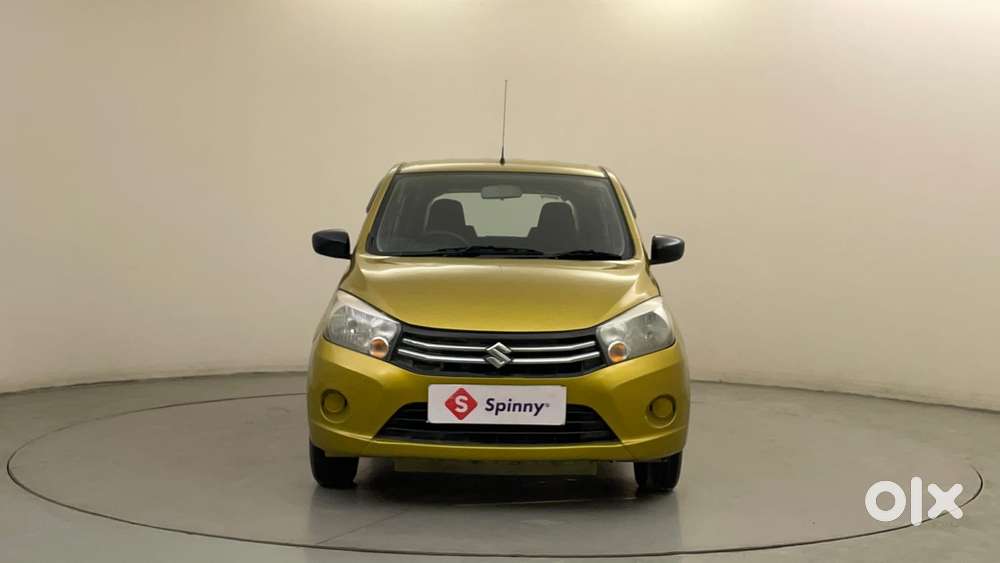 Maruti Suzuki Celerio 1.0 Vxi Amt, 2014, Petrol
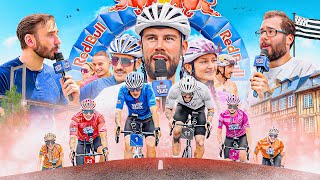 Jai Organisé Une Course De Vélo Avec 5 Youtubeurs Autour De La Rance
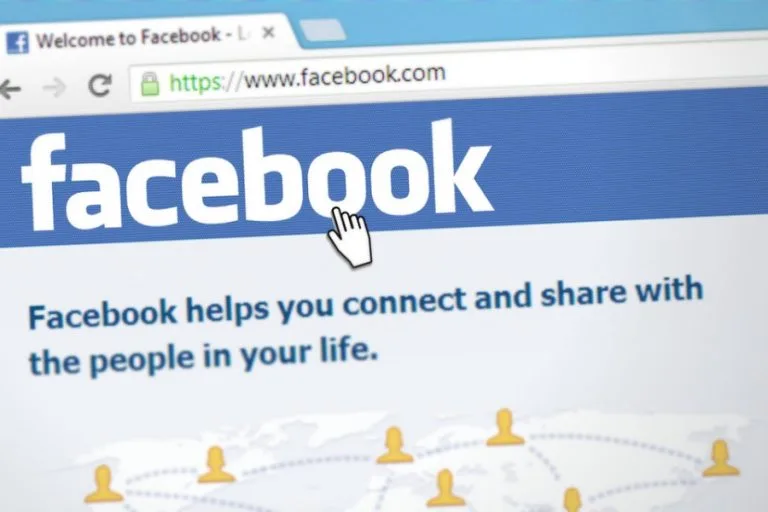facebook social media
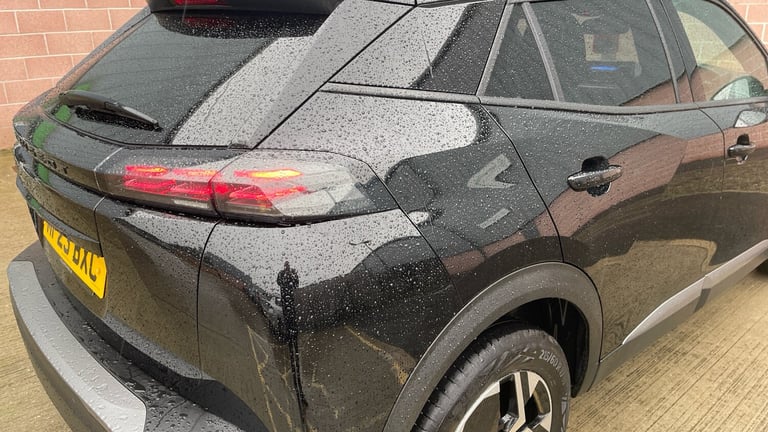 2023 Peugeot 2008 1.2 PureTech Allure SUV 5dr Petrol Manual Euro 6 (s/s) (130 ps) SUV Petrol Manual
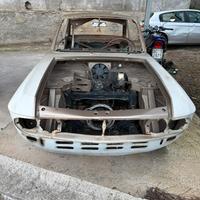 Lancia fulvia coupe 1.3 S 2^ serie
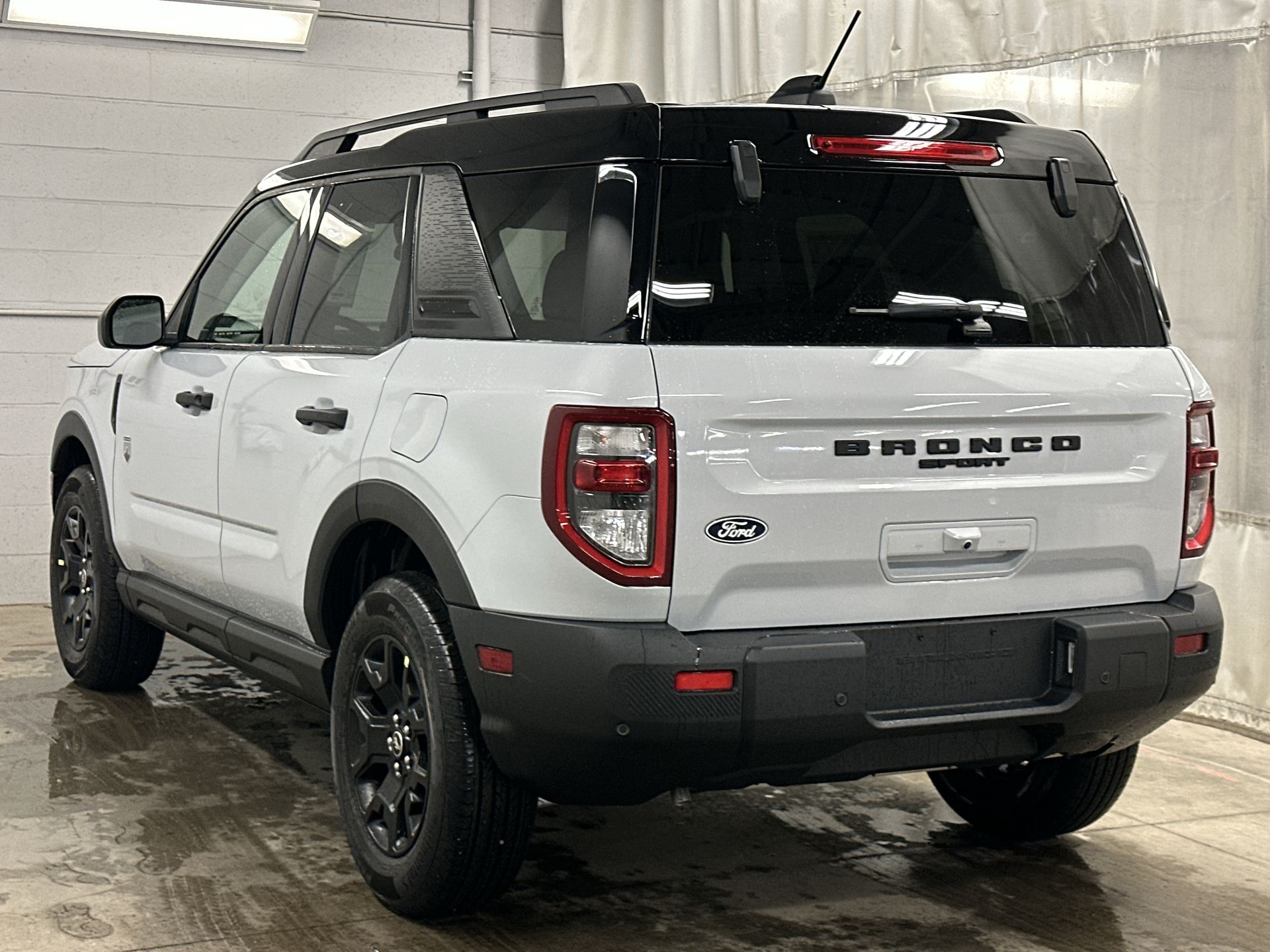 Thumbnail: 2026 Ford Bronco Sport - 29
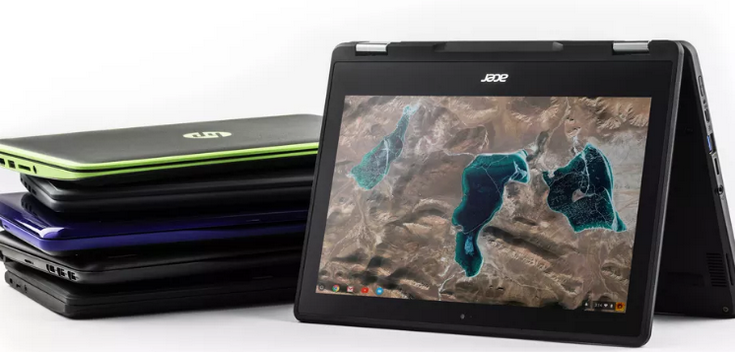 Хромбуки Acer Chromebook Spin 11 и Asus Chromebook Flip C213 оснащены портами USB-C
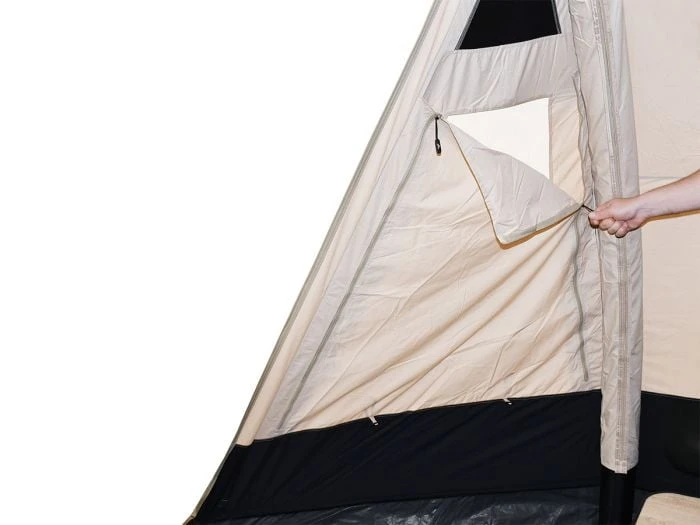 Obelink Summer 4 TC XL Easy Air Tente Tunnel Gonflable – Image 17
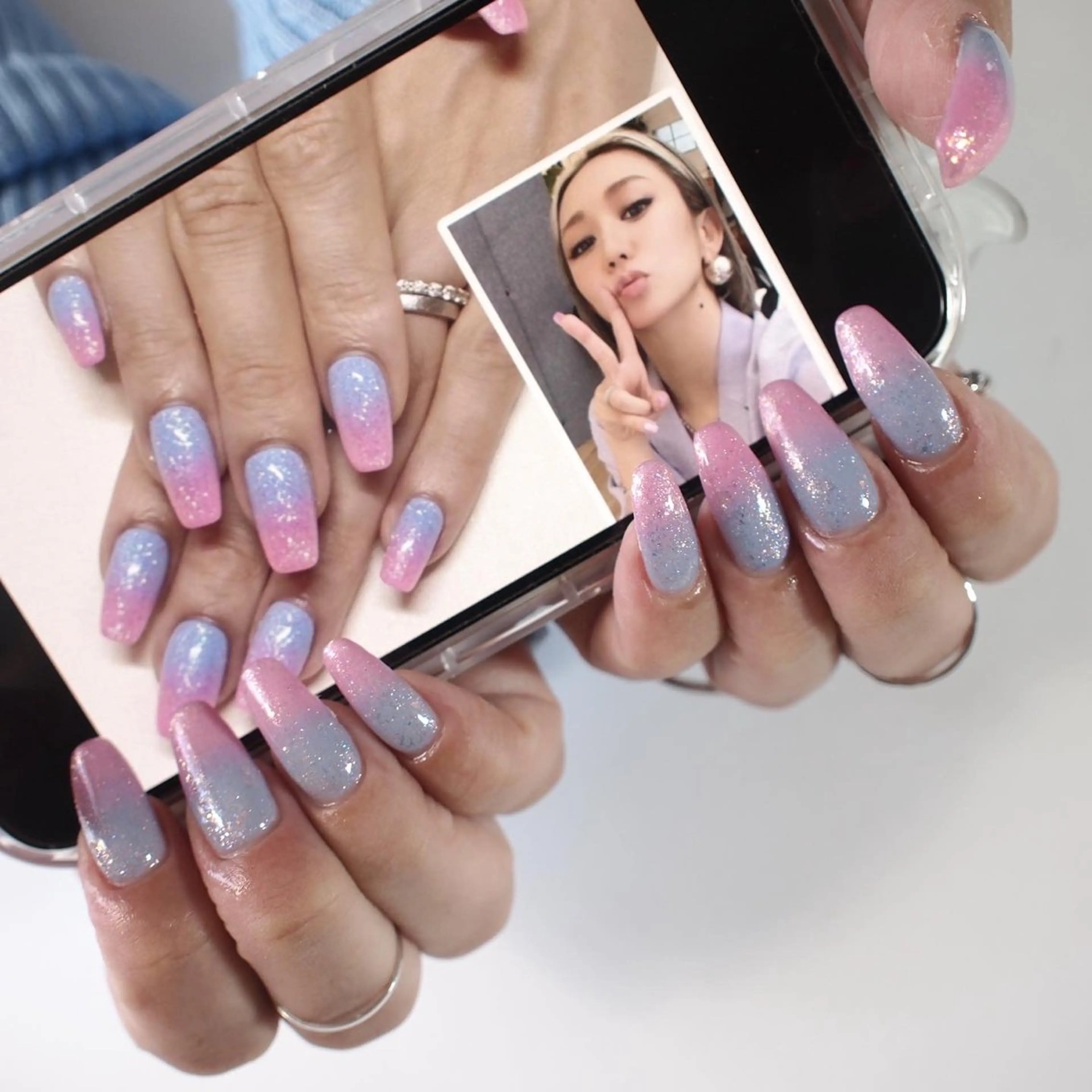 ネイル ハンドネイル ORGAN nana やり放題💅のネイルデザイン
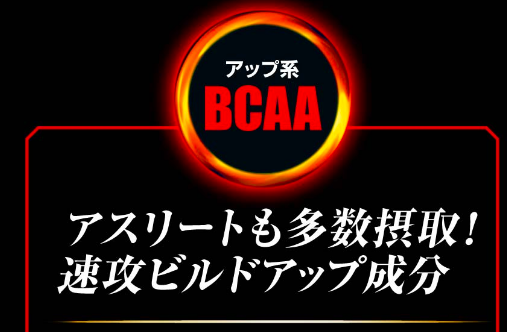 FIRAマッスルサプリ_BCAA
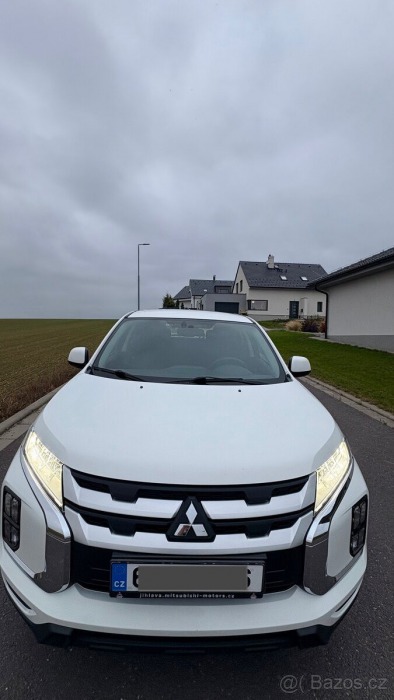 Mitsubishi Ostatní modely ASX 2,0   INVITE CVT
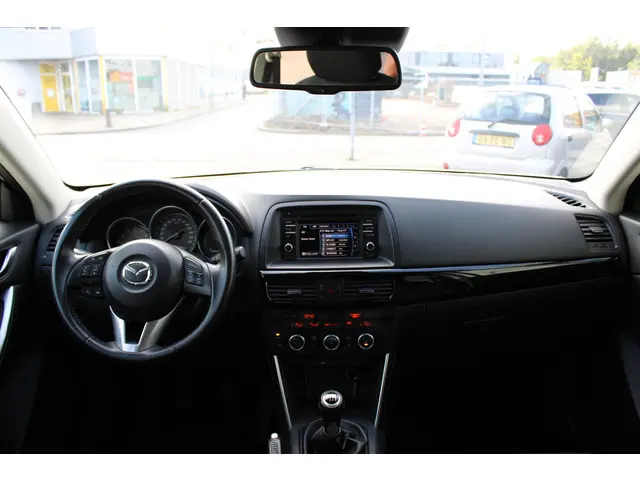 Mazda CX-5 2.0 Limited Edition 2WD 2014 Benzine 23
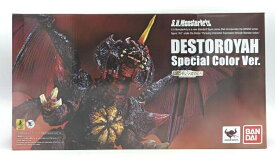【中古】[開封] バンダイ S.H.MonsterArts デストロイア(完全体) Special Color Ver. 「ゴジラvsデストロイア」[92]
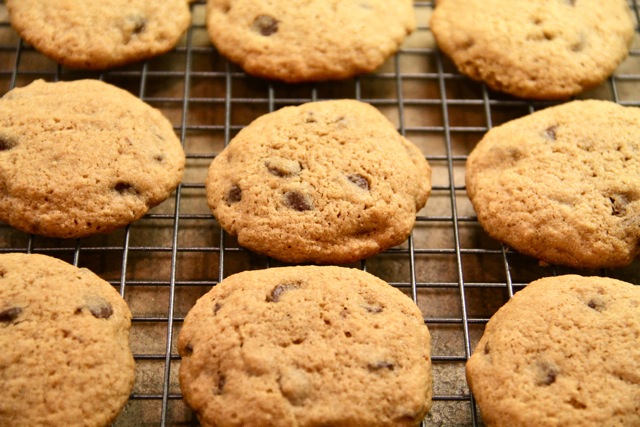 Chocolate Chip Cookies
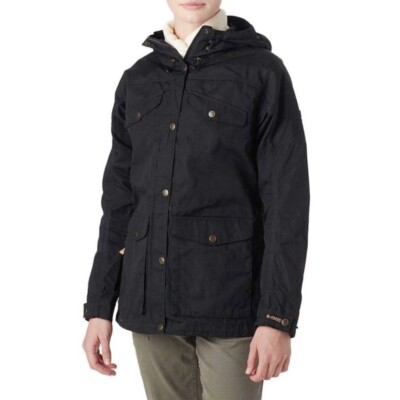 FJALLRAVEN Fjällräven 89856 VIDDA PRO W Light Jacket Field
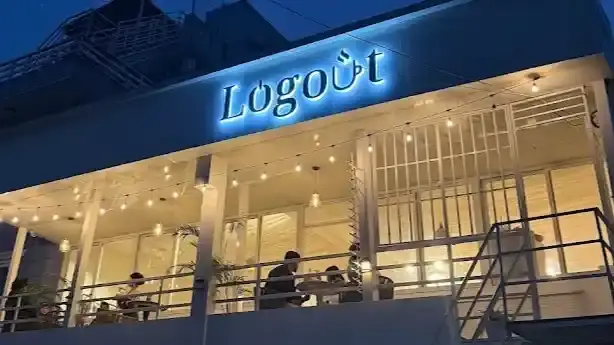 Logout Cafe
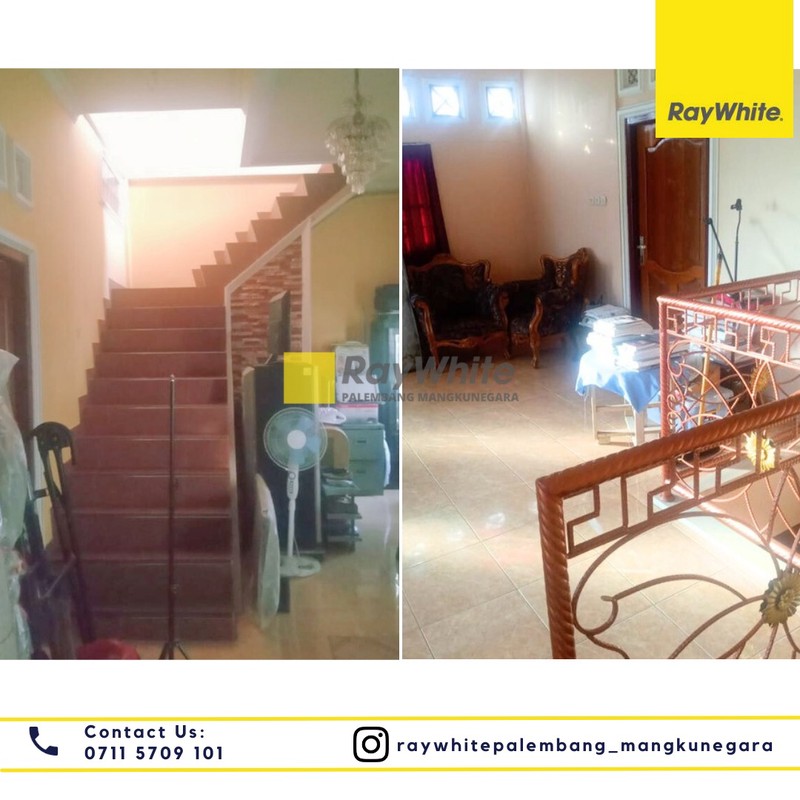 RUMAH JUAL PALEMBANG KOTA 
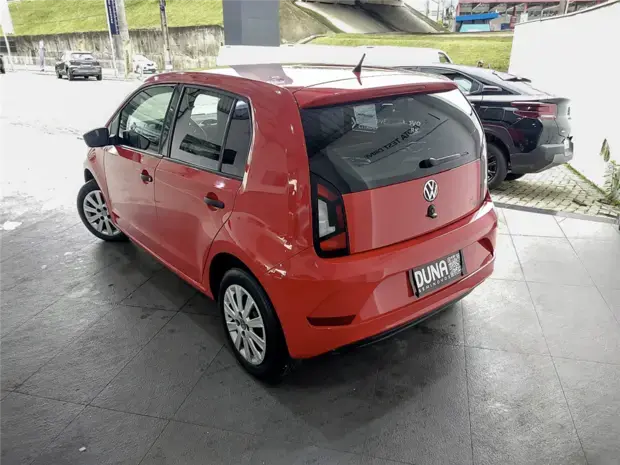 Volkswagen UP 1.0 MPI TAKE UP 12V FLEX 4P MANUAL
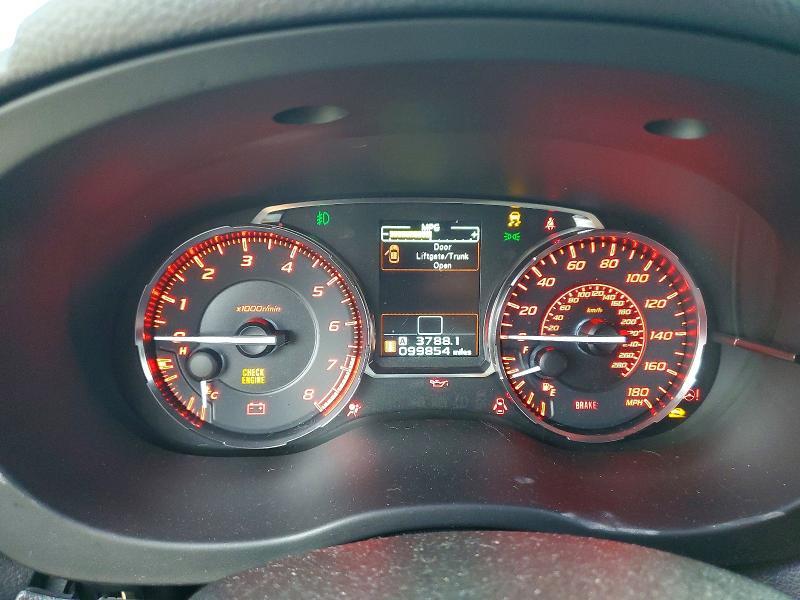 2016 Subaru Wrx Premium
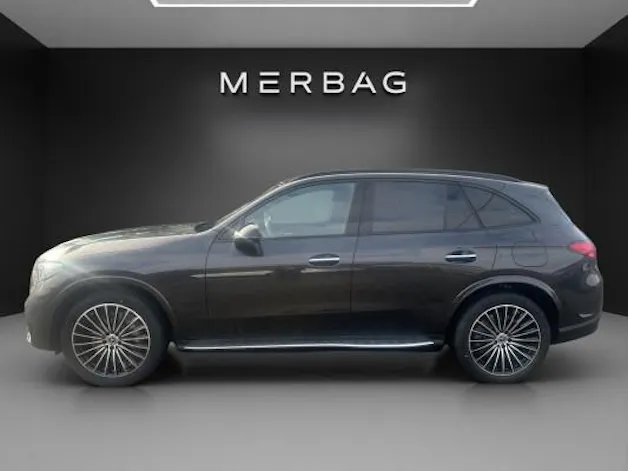 Mercedes-Benz GLC 300 de 4M EQ Star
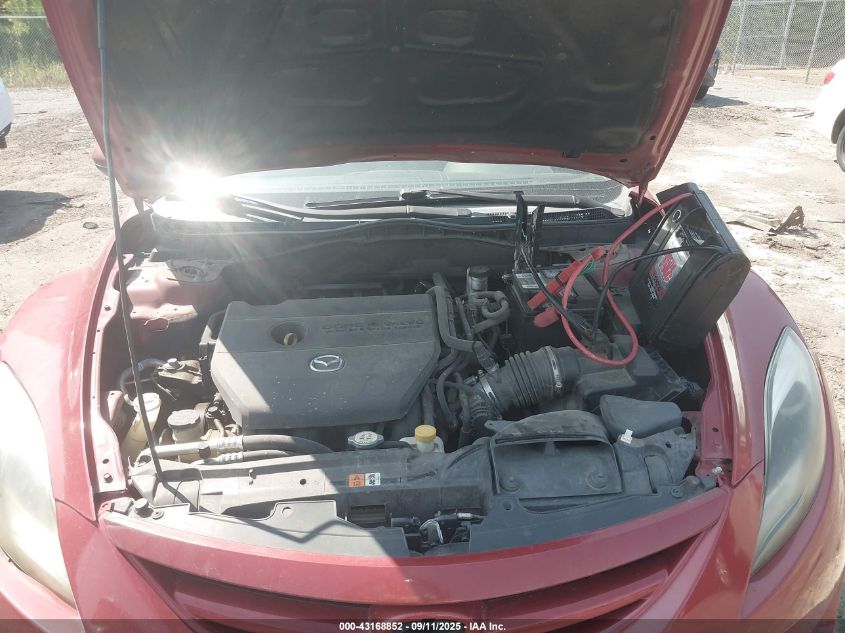 2011 Mazda Mazda6 VIN: 1YVHZ8BH0B5M27558 Lot: 43168852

_Directions for this task_
Give back only the lines from the one that carries "RUMAH JUAL PALEMBANG KOTA" through the final line above, both included. Drop all pictures.

_Response to this task_
 RUMAH JUAL PALEMBANG KOTA 
 Volkswagen UP 1.0 MPI TAKE UP 12V FLEX 4P MANUAL
 2016 Subaru Wrx Premium
 Mercedes-Benz GLC 300 de 4M EQ Star
 2011 Mazda Mazda6 VIN: 1YVHZ8BH0B5M27558 Lot: 43168852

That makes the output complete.